Prince Harry was never in danger, officials confirmed. Although the Taliban have vowed to kill the third in line to the British throne, one of its spokesmen told AFP that the assault "had nothing to do with the prince".
General Sayed Malook, head of the Afghan army in the south, said a suicide bomber blew himself up, blasting a hole in the perimeter wall and allowing insurgents to storm inside with guns and rocket-propelled grenades.
"As soon as they entered the base, fighting started. Afghan forces were not involved, they only helped to extinguish the fire," Malook told AFP.
A fuel reservoir and an aircraft hangar were set alight and it took until dawn to extinguish the blaze, he said.
The US-led NATO forces said multiple aircraft and "structures" were damaged in the assault on the airfield, which is used by both American and British forces.
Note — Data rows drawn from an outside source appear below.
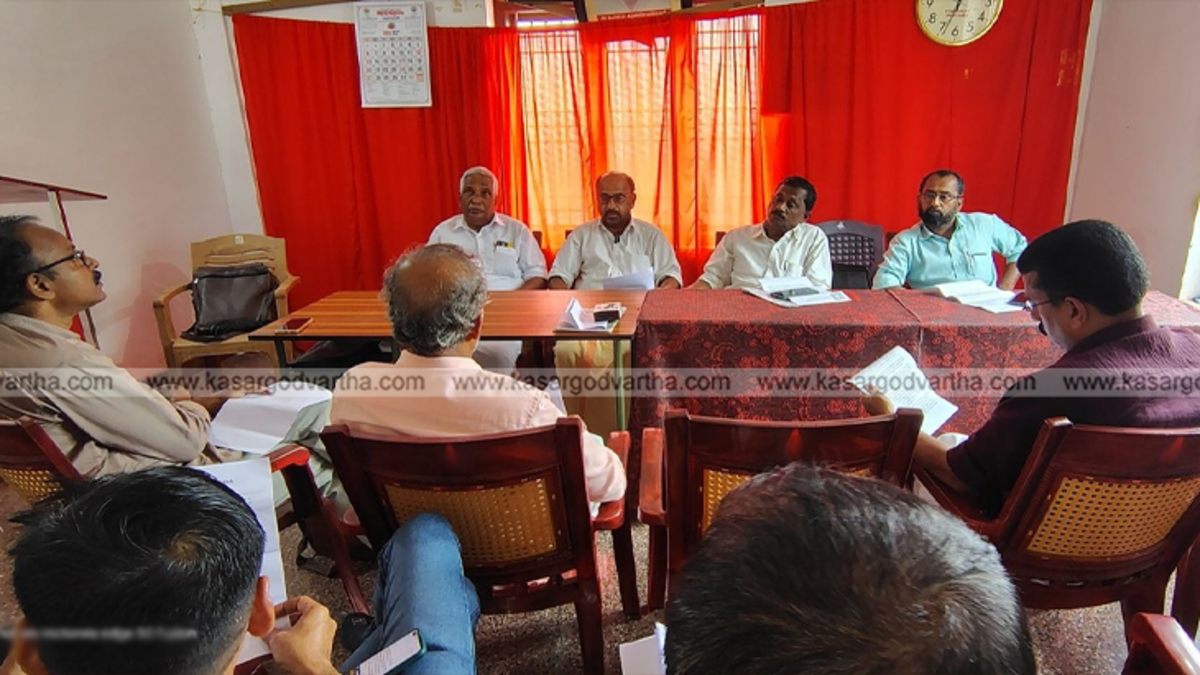 Publicity board for CPI Kasaragod district conference in Vellarikundu.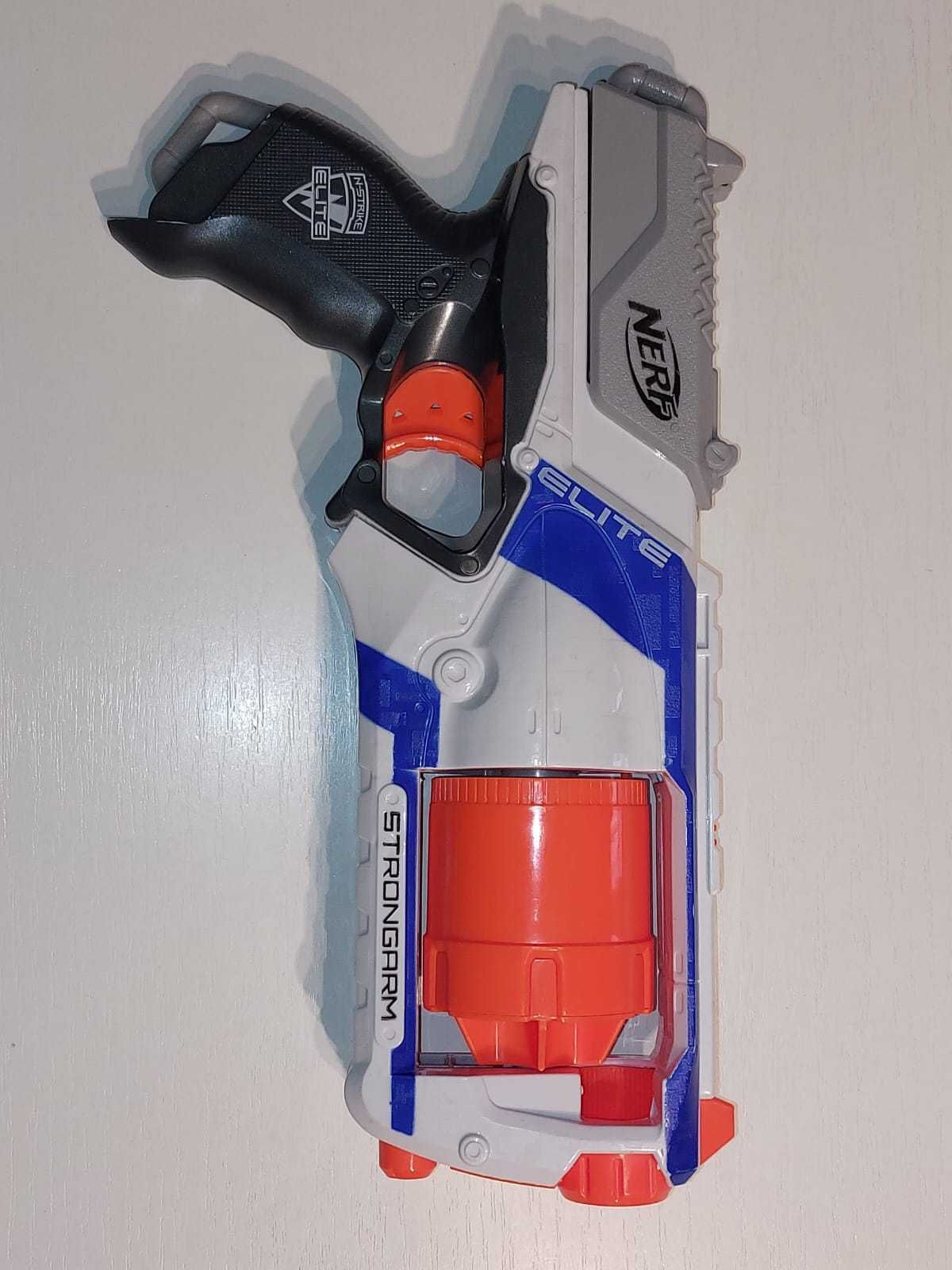 Zestaw pistoletów: nerf strongarm, nerf doubledown, xshot rapid fire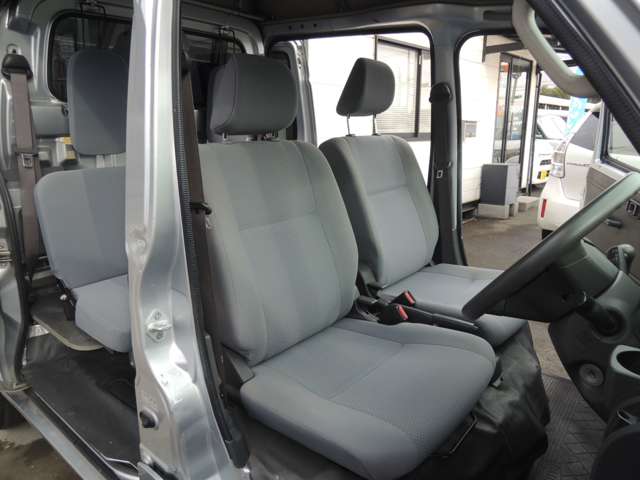 Daihatsu Hijet Deck Van 12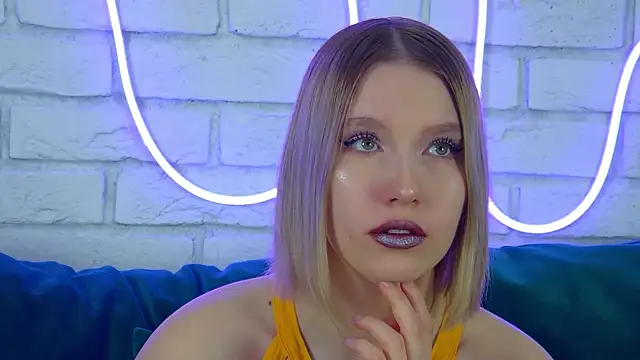 Snapshot of LiliLinn chatting on 21, 3, 2025 LiliLinn online show from 21, 3, 2025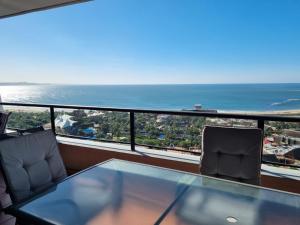 Accommodation Front - Immaculate 4 Sleeper with Ocean & Harbour Views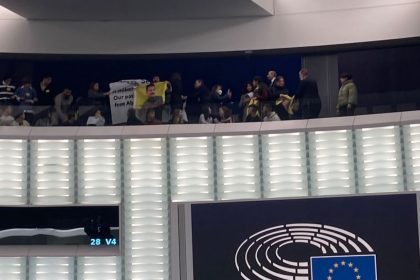 Οπαδοί του Οτσαλάν εισέβαλαν στο Ευρωκοινοβούλιο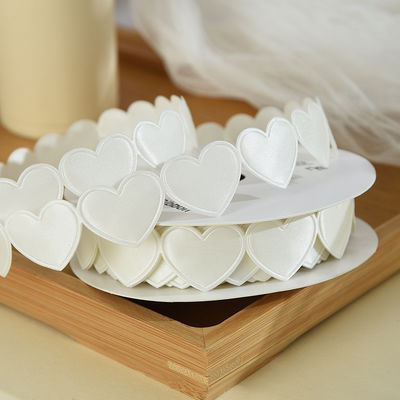 1.5cm*9m 2.5cm*9m Forma di cuore Nastro regalo in poliestere per il giorno di San Valentino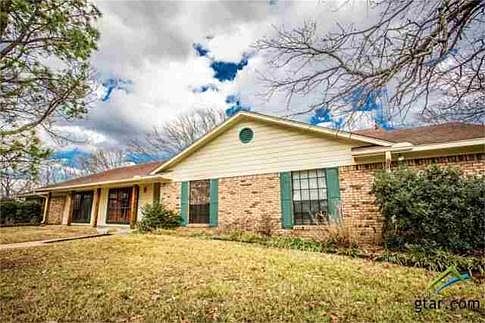 2nd image of 15866 County Road 440
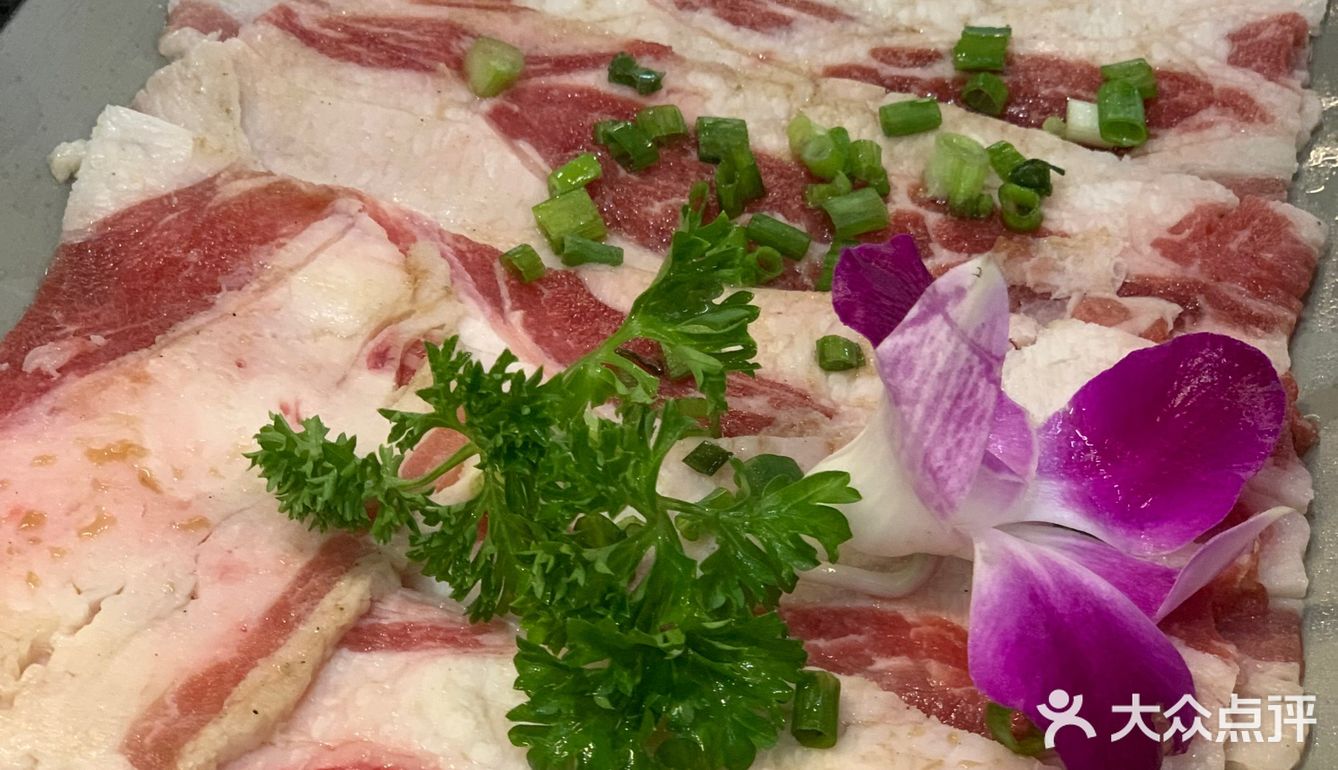 天了噜，这盘鳗鱼上桌神经还会动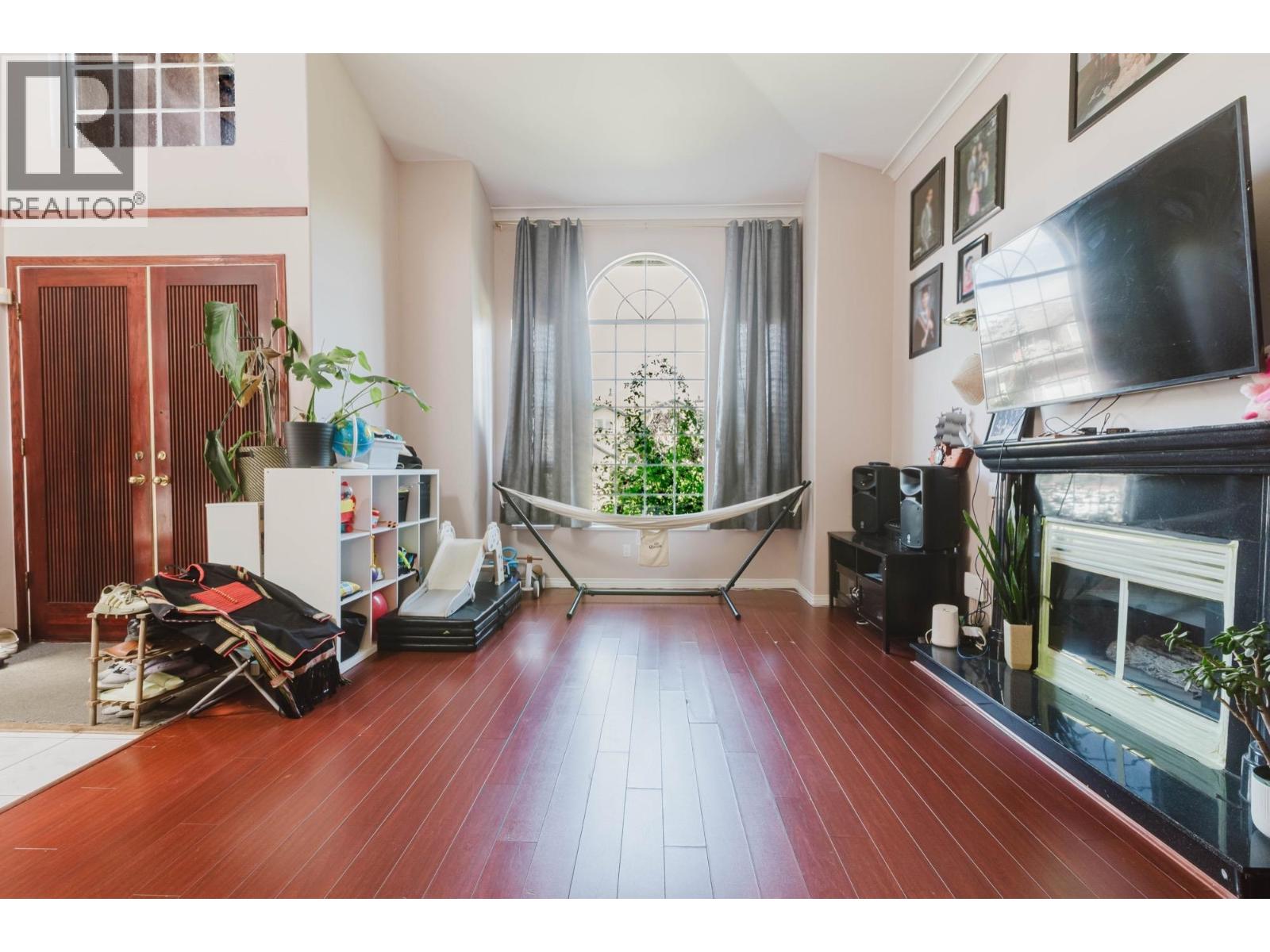 1226 Salter Street, New Westminster, British Columbia V3M 5A7 - Photo 2 - R3147937
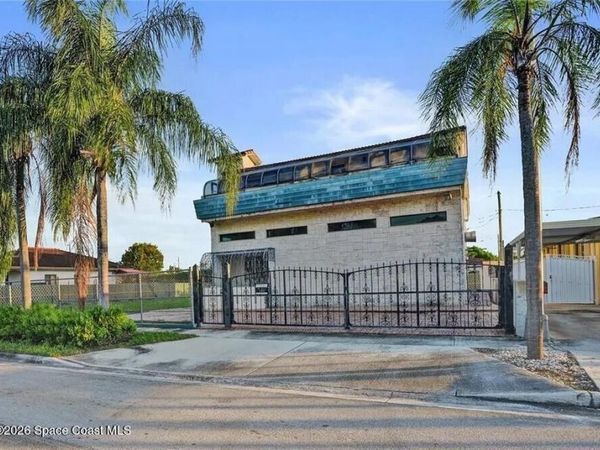366 W 12th Street , Hialeah, FL 33012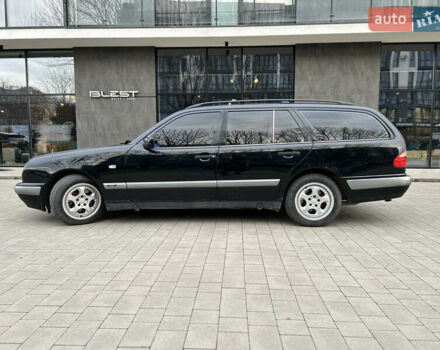 Мерседес Е-Класс 1998 в Чопе на Automoto.ua Черный Мерседес Е-Класс, объемом двигателя 2.4 л и пробегом 300 тыс. км за 3500 $, фото 2 на Automoto.ua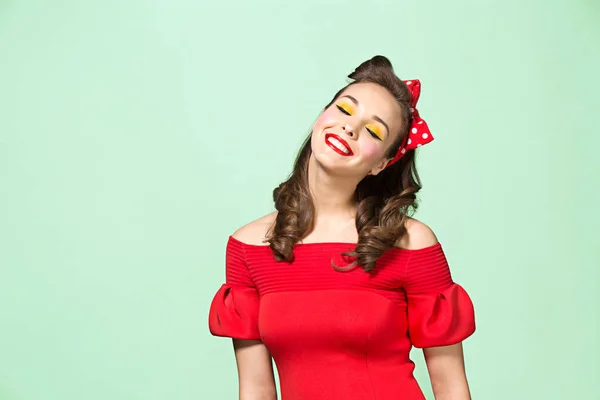 Hermosa mujer joven con pinup maquillaje y peinado. Estudio sobre fondo blanco — Foto de Stock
Eighteen insurgents were killed -- including the suicide bomber -- and another was wounded and captured, said Wojack. They were dressed in camouflage, he said, but declined to say whether they were Afghan army uniforms.
A defence official in Washington said two US Marines were killed. NATO's US-led International Security Assistance Force said some personnel were wounded, but gave no details in line with policy.
The British defence ministry described the attack, on the eastern side of the runway, as "significant" but a spokesman said the attackers got "nowhere near" the prince as he was in lockdown with other soldiers at the base.
The ministry reiterated that Harry's presence in Afghanistan was constantly being reviewed.
The brazen attack is likely to raise serious questions about how insurgents managed to penetrate such a massive logistics hub in the desert, which in June Britain said was home to 28,000 soldiers.
In March, an Afghan man died after trying to ram a truck into US Marines waiting on the tarmac to greet US Secretary of Defence Leon Panetta as he flew into Camp Bastion.
There are growing concerns about Afghan personnel opening fire on their NATO colleagues, and two more were killed in Helmand provincial capital Lashkar Gah on Saturday, bringing to 47 the number of Western soldiers killed in such attacks so far this year.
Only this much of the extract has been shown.